_WHAT IS EXPECTED_
Among the records, which lines hold the word "AGRICULTURE"? Pick them out.

_SUPPLIED RECORDS_
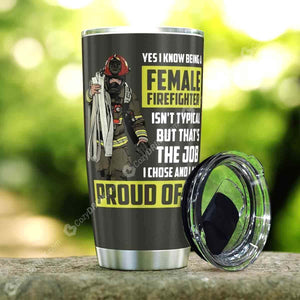 Tumbler Female Firefighter Hp Stainless Steel Personalized Stainless Steel Tumbler Customize Name, Text, Number Dtucd - Love Mine Gifts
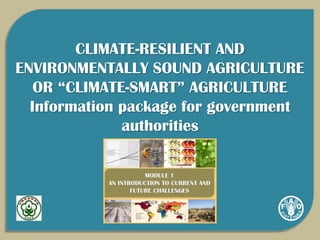CLIMATE-RESILIENT AND
ENVIRONMENTALLY SOUND AGRICULTURE
OR “CLIMATE-SMART” AGRICULTURE
Information package for government
authorities
 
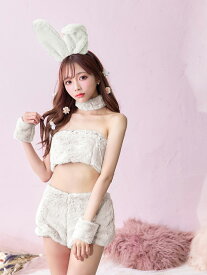 送料無料 仮装 コスプレ ハロウィン バニー コス コスプレセット【6点SET】 レディース アニマル うさぎ フェス イベント もこもこ グレー ホワイト ブラック ピンク ハロウィン コスチューム コス うさぎコスプレ 女性 セクシー【ROUGE | ルージュ】 7115SB-1807-1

_REPLY_
ENVIRONMENTALLY SOUND AGRICULTURE
OR “CLIMATE-SMART” AGRICULTURE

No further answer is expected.